12. (1) Subject to the regulations, every person seeking to come into Canada shall appear before an immigration officer at a port of entry, or at such other place as may be designated by a senior immigration officer, for examination to determine whether that person is a person who shall be allowed to come into Canada or may be granted admission.

Section 12 of the Regulations [Immigration Regulations, 1978, SOR/78-172 (as am. by SOR/83-540, s. 2)] imposes upon the holder of a visa the obligation of disclosing to an immigration officer, at a port of entry, all facts relevant to the issuance of his or her visa which have changed since the visa was issued or which were not disclosed at the time the visa was issued.

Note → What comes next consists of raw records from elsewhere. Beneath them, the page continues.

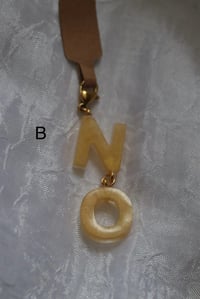 Image 3 of statement schlüsselanhänger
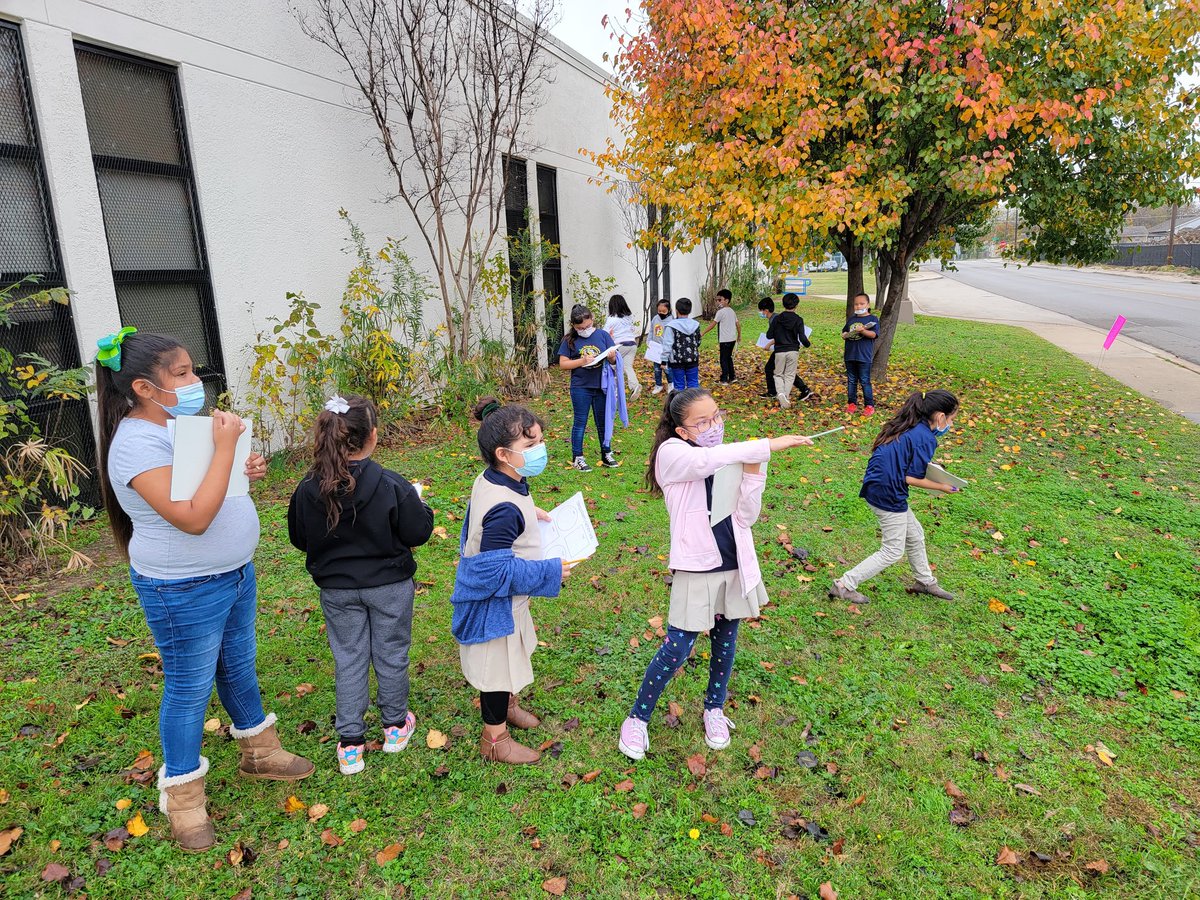 LDZ_FAM's tweet photo. 2nd grade taking a nature walk for inspiration for poetry writing. @LDZ_Principal #LDZ legacy https://t.co/HEI1ouwRZ2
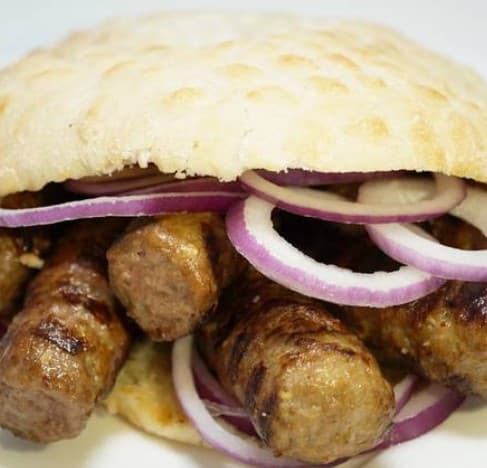 Chevapi Burger / Cevapcici Lepinje (5 Pieces)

Section 12 of the Regulations reads as follows:

12. An immigrant who has been issued a visa and who appears before an immigration officer at a port of entry for examination pursuant to subsection 12(1) of the Act is required

(a) if his marital status has changed since the visa was issued to him, or

(b) if any other facts relevant to the issuance of the visa have changed since the visa was issued to him or were not disclosed at the time of the issuance thereof,

to establish that at the time of the examination

(c) he and his dependants, …

meet the requirements of the Act, these Regulations, [and others], including the requirements for the issuance of a visa.

In this case, the applicant was clearly under an obligation, pursuant to paragraph 12(a) of the Regulations, to disclose to the immigration officer upon his arrival in Canada that his marital status had changed since the time his visa was issued in Bangladesh. As noted by MacGuigan J.A. in Medel, an applicant in such circumstances, owes a “positive duty of candour” to disclose to immigration officials all material facts denoting a change in circumstances since the issuance of his or her visa.

In my opinion, the argument of the applicant would shift the onus of disclosure, and responsibility for meeting the statutory requirements to obtain landing, from the applicant to immigration officials. The Act and the Regulations, in my view, are clear. A person is not entitled to entry simply by virtue of the fact that they possess an immigration visa. A person may only gain admission to this country, if, at the time of entry, he or she fulfils the conditions and requirements of the Act and the regulations, and the onus of establishing that rests on the applicant. Paragraph 19(2)(d) of the Act provides:

19.

(2) No immigrant and, except as provided in subsection (3), no visitor shall be granted admission if the immigrant or visitor is a member of any of the following classes:

(d) persons who cannot and do not fulfil or comply with any of the conditions or requirements of this Act or the regulations or any orders or directions lawfully made or given under this Act or the regulations.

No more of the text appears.